Whenever you encounter a Sim2Real hole like this, there are two choices. The simple choice is to introduce a brand new reward, telling the robotic to not do no matter unhealthy factor it’s doing. However the issue is that these rewards are a bit like duct tape on the robotic — inelegant, lacking the foundation causes. They pile up, and so they cloud the unique goal of the coverage with many different phrases. It results in a coverage which may work, however will not be comprehensible, and behaves unpredictably when composed with new rewards.
The opposite, more durable, choice is to take a step again and determine what it’s in regards to the simulations that differ from actuality. Agility as an organization has at all times been targeted on understanding the bodily instinct behind what we do. It’s how we designed our robotic, all the best way from the actuators to the software program.
Our RL method isn’t any completely different. We need to perceive the why and use that to drive the how. So we started a six-month journey to determine why our simulated toes don’t do the identical factor as our actual toes.
It turns on the market are quite a lot of causes. There have been simplifying assumption within the collision geometry, inaccuracies in how power propagated by our actuators and transmissions, and instabilities in how constraints are solved in our distinctive closed-chain kinematics (shaped by the connecting rods hooked up to our toe plates and tarsus). And we’ve been systematically learning, fixing, and eliminating these gaps.

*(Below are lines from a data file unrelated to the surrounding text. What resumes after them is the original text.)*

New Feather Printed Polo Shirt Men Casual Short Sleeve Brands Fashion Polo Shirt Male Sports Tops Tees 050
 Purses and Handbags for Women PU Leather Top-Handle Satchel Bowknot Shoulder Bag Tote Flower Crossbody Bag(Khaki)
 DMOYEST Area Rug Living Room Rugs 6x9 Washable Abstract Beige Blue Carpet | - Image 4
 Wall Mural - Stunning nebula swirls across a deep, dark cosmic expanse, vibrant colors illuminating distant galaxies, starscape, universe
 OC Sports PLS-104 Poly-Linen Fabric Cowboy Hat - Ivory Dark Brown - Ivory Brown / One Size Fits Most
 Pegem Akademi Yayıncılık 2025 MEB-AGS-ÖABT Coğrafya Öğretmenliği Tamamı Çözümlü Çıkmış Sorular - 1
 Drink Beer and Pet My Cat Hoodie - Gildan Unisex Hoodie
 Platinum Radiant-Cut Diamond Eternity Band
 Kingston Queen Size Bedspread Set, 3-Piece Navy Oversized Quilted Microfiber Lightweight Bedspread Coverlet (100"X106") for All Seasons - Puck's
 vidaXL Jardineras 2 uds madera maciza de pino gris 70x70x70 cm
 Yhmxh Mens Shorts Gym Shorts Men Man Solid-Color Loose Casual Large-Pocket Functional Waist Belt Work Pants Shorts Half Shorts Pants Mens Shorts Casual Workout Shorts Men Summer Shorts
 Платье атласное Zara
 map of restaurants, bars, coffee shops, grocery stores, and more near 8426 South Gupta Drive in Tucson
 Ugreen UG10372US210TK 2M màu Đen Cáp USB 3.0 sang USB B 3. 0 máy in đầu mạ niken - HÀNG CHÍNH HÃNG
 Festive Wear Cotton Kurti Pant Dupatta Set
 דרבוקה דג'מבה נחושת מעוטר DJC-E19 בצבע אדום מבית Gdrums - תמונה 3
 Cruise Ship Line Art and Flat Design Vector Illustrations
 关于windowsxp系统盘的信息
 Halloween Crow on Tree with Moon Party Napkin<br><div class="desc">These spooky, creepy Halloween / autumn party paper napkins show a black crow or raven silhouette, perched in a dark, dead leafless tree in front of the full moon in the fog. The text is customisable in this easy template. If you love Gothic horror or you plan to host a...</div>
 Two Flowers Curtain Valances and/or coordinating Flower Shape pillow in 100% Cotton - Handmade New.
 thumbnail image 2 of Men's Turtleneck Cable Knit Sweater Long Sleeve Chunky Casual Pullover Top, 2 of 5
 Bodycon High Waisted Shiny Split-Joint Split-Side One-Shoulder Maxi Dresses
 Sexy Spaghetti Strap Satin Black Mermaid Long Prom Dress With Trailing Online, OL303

The web end result has been an enormous step ahead in our RL software program stack. As an alternative of a pile of stacked-reward features over every little thing from “Cease wiggling your foot” to “Arise straighter,” we’ve a handful of rewards round issues like power consumption and symmetry that aren’t solely less complicated, but in addition observe our fundamental intuitions about how Digit ought to transfer.
Investing the time to know why the simulation differed has taught us much more about why we would like Digit to maneuver a sure manner within the first place. And most significantly, coupled with quick NVIDIA Isaac Sim, a reference software constructed on NVIDIA Omniverse for simulating an testing AI-driven robots, it’s enabled us to discover the impression of various bodily traits that we would need in future generations of Digit.